Friday, November 06, 2015

The Historical Evidence for Jesus

I recently read G.A. Wells's book "The Historical Evidence for Jesus", which was written back in the early 80s. Considering some of the books I have read in the past few years, this was basically 'more of the same' with a few interesting nuances and insights along the way.

Wells believes that there was no historical person at the origin of the Jesus stories. Rather he, along with a number of other 'mythicists' hold that the gospel stories are myths made into history, rather than history wrapped in legends.

The book is exhaustive and goes into all the relevant 1st and 2nd century writings, as well as going completely off at a tangent and asking questions about the Turin Shroud. But when its on track, the book is interesting, even if much of this has been said in other ways many times since then (and a few before). 

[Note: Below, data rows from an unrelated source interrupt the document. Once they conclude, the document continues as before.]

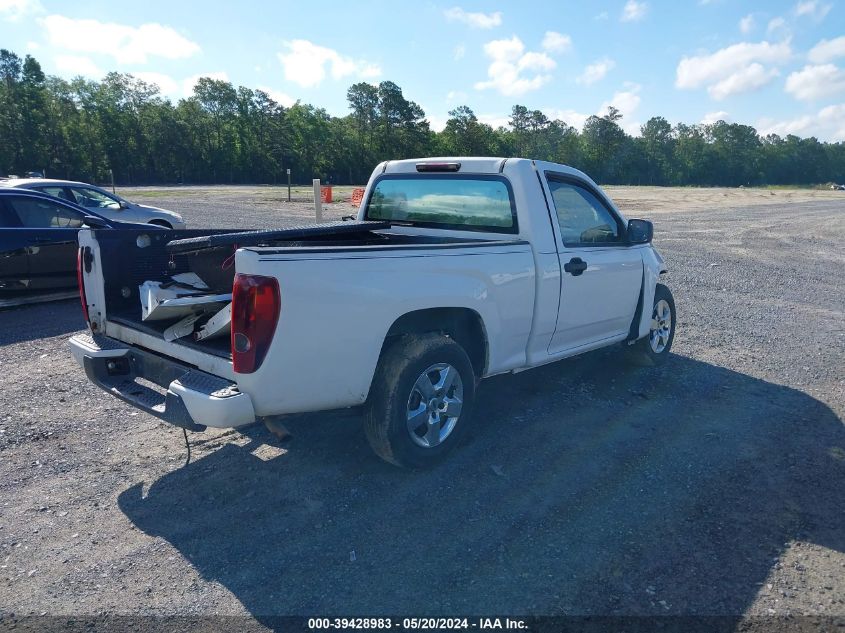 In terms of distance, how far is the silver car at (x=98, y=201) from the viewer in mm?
11766

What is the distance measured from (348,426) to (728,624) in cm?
293

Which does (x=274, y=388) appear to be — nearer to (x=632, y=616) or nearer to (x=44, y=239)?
(x=632, y=616)

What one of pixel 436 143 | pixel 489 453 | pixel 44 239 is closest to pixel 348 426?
pixel 489 453

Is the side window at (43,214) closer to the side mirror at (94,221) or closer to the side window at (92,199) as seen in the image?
the side mirror at (94,221)

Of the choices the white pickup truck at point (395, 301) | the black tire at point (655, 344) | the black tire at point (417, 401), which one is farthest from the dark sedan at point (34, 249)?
the black tire at point (655, 344)

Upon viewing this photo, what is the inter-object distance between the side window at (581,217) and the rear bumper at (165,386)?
2869 millimetres

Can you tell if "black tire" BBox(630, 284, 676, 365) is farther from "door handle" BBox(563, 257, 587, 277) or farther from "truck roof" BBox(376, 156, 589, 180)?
"truck roof" BBox(376, 156, 589, 180)

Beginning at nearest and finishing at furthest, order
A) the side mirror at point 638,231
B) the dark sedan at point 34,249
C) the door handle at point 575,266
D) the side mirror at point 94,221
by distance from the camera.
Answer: the door handle at point 575,266, the side mirror at point 638,231, the dark sedan at point 34,249, the side mirror at point 94,221

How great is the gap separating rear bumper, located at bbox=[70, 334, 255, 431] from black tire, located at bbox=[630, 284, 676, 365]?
168 inches

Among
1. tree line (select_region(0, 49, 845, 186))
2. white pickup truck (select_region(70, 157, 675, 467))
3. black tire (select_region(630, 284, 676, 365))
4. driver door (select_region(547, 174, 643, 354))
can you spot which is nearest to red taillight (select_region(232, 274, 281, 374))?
white pickup truck (select_region(70, 157, 675, 467))

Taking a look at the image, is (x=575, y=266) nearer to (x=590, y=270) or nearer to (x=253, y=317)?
(x=590, y=270)

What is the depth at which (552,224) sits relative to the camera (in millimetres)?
4859

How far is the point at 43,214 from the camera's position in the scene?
887cm

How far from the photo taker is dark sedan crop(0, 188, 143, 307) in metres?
8.38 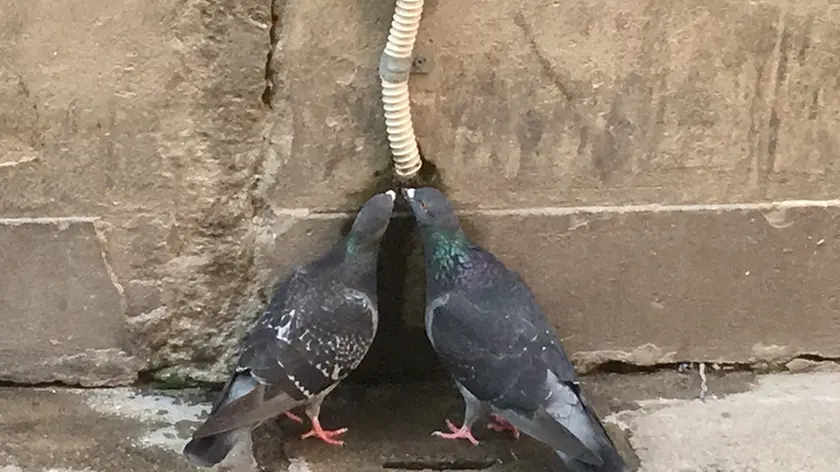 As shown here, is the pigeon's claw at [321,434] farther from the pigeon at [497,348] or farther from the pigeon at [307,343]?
the pigeon at [497,348]

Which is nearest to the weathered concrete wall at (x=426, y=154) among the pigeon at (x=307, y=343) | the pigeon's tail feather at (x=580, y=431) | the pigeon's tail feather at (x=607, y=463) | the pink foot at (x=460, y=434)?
the pigeon at (x=307, y=343)

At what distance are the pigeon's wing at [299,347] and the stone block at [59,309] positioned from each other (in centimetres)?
38

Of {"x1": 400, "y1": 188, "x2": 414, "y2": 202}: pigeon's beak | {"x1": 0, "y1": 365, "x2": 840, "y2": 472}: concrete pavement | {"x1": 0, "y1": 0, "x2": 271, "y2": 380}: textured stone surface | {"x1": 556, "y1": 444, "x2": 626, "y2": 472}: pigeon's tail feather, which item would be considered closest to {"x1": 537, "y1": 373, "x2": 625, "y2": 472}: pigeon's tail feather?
{"x1": 556, "y1": 444, "x2": 626, "y2": 472}: pigeon's tail feather

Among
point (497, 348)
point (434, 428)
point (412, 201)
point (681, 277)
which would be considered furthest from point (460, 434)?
point (681, 277)

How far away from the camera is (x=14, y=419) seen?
7.02ft

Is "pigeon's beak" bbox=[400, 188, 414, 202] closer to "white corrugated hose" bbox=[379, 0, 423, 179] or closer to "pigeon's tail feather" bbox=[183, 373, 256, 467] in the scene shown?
"white corrugated hose" bbox=[379, 0, 423, 179]

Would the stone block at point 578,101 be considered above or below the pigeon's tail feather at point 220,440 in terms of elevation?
above

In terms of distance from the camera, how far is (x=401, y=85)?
1957mm

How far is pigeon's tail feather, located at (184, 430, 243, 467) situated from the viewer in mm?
1851

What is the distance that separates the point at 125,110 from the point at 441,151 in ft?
2.07

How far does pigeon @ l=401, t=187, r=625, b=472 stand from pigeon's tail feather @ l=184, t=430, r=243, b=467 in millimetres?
446

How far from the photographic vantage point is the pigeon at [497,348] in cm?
185

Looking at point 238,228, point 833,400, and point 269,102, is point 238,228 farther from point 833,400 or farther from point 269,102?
point 833,400

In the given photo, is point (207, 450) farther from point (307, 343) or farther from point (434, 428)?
point (434, 428) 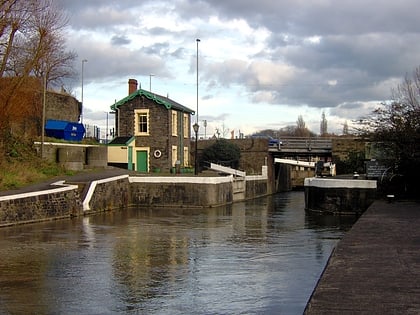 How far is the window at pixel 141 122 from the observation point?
39125mm

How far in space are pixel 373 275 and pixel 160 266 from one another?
16.5 feet

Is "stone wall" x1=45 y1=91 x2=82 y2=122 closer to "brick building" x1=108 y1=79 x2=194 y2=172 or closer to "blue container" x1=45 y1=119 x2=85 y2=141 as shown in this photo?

Wells sets out a timeline of the early writings, beginning with the letters of Paul, then going through some of the later epistles, including some non-canonical ones, the gospels, the church fathers, and so on. 

The strongest part of his argument is in the parts he talks about Paul. It is quite clear from this analysis that Paul (or whoever wrote the 'authentic' Pauline epistles) says very little about any historical Jesus. The highlights of this are those passages where Paul is writing to whichever church and issuing advice for right living, etc. Sometimes, indeed most of the time, he does not claim these instructions come from Jesus, and there are several instances of things Paul is trying to convince his readers of where it would have been very useful if he could have quoted Jesus, but doesn't. But funnily enough, in the gospels, Jesus addresses those issues in clear and unambiguous ways. Wells's case is that if Paul knew of these sayings, he would have used them. He doesn't use them, so he didn't know them. Which suggests either that there was a lot about Jesus that Paul simply didn't know, or that those stories about Jesus were not in circulation at the time of Paul, perhaps because those stories about Jesus had not been devised yet.

In this I am convinced, it is clear that Paul had no knowledge of some of the gospel stories. Does that mean there was no historical Jesus? No it does not. It only means that Paul did not know the stories and, assuming he had interactions with Peter and James, as claimed in the epistles, it suggests that they did not know or did not pass on those stories.

So I am convinced that the gospel stories grew and developed after the time of Paul, and that Paul does not know or care much about a historical Jesus. I remain to be convinced that there was no Jesus.

1 comment:

VinnyJH57 said...

I agree. Jesus could have been a historical person whose life was nothing like that described in the gospels. Regardless of what Jesus actually did during his life, after his death someone had a vision of his resurrection, which caused a reinterpretation of Jesus' life and death theologically. Over time stories were invented about his life to reinforce that interpretation, but at the time Paul was writing these stories were either not known or not yet generally accepted. Jesus could have been anything from a revolutionary zealot to a hermit, and you might still wind up with the gospel stories, as they were driven by the theological imperatives of the post-mortem visions rather than actual memories of the person.